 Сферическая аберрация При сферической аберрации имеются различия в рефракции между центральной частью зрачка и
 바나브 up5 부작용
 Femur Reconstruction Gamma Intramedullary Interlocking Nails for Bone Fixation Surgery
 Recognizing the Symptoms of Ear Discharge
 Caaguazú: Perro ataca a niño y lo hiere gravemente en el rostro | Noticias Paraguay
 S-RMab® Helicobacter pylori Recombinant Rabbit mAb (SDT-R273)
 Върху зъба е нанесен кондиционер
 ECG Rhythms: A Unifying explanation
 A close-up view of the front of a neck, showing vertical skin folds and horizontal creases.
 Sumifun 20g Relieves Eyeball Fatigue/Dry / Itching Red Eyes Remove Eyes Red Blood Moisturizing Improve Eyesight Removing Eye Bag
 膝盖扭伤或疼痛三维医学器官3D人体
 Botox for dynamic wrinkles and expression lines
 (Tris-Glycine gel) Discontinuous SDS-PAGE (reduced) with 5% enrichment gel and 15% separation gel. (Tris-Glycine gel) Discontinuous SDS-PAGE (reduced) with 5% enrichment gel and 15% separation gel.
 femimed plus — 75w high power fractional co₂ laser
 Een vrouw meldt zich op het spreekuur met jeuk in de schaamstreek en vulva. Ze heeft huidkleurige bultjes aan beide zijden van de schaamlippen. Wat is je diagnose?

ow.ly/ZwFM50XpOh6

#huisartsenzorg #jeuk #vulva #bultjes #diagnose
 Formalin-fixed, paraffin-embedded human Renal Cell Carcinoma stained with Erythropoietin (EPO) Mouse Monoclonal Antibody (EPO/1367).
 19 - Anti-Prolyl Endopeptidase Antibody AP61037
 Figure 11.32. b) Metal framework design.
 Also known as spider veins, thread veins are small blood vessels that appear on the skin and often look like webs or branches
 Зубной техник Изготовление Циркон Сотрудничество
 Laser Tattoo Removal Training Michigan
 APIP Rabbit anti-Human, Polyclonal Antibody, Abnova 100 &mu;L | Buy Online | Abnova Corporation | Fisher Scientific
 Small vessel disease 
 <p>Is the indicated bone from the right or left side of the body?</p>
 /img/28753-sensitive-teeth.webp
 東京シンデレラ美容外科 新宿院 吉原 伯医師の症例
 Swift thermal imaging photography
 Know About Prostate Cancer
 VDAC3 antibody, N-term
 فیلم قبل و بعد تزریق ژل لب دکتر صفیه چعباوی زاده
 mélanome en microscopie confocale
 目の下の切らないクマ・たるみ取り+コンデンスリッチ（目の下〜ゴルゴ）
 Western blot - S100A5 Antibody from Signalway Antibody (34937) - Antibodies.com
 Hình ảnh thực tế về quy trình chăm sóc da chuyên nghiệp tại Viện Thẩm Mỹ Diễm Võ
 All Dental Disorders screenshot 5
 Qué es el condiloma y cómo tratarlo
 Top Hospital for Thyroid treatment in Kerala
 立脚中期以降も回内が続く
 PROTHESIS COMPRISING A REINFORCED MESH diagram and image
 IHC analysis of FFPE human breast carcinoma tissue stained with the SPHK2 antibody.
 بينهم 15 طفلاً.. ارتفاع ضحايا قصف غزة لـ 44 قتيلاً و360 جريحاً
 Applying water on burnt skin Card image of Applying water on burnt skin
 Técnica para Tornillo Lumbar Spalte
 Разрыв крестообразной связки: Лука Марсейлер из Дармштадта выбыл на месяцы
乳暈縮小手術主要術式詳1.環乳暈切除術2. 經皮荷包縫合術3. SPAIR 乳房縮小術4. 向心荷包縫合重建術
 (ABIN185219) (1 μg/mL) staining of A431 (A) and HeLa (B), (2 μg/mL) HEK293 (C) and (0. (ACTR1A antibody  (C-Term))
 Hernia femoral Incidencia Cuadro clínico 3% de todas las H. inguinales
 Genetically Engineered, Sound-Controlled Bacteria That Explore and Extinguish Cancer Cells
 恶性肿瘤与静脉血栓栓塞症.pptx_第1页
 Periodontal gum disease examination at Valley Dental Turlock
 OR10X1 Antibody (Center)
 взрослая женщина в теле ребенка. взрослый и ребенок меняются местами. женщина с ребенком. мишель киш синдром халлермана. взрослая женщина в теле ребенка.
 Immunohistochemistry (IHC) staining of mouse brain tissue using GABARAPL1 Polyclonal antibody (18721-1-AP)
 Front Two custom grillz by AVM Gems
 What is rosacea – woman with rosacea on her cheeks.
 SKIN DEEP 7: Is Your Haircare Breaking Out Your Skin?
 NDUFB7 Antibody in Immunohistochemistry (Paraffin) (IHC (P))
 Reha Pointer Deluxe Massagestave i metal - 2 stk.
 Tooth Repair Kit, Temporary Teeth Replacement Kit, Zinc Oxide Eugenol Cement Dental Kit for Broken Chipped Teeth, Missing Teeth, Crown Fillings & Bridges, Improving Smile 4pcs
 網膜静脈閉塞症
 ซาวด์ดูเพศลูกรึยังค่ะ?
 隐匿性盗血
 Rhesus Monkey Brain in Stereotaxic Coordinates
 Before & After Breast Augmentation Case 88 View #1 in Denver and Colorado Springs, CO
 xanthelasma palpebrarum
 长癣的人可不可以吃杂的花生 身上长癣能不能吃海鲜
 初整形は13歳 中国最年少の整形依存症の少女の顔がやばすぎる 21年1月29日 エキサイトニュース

•••

## The problem
The answer should consist only of the number of lines above in which "bultjes" appears.

## Response below
2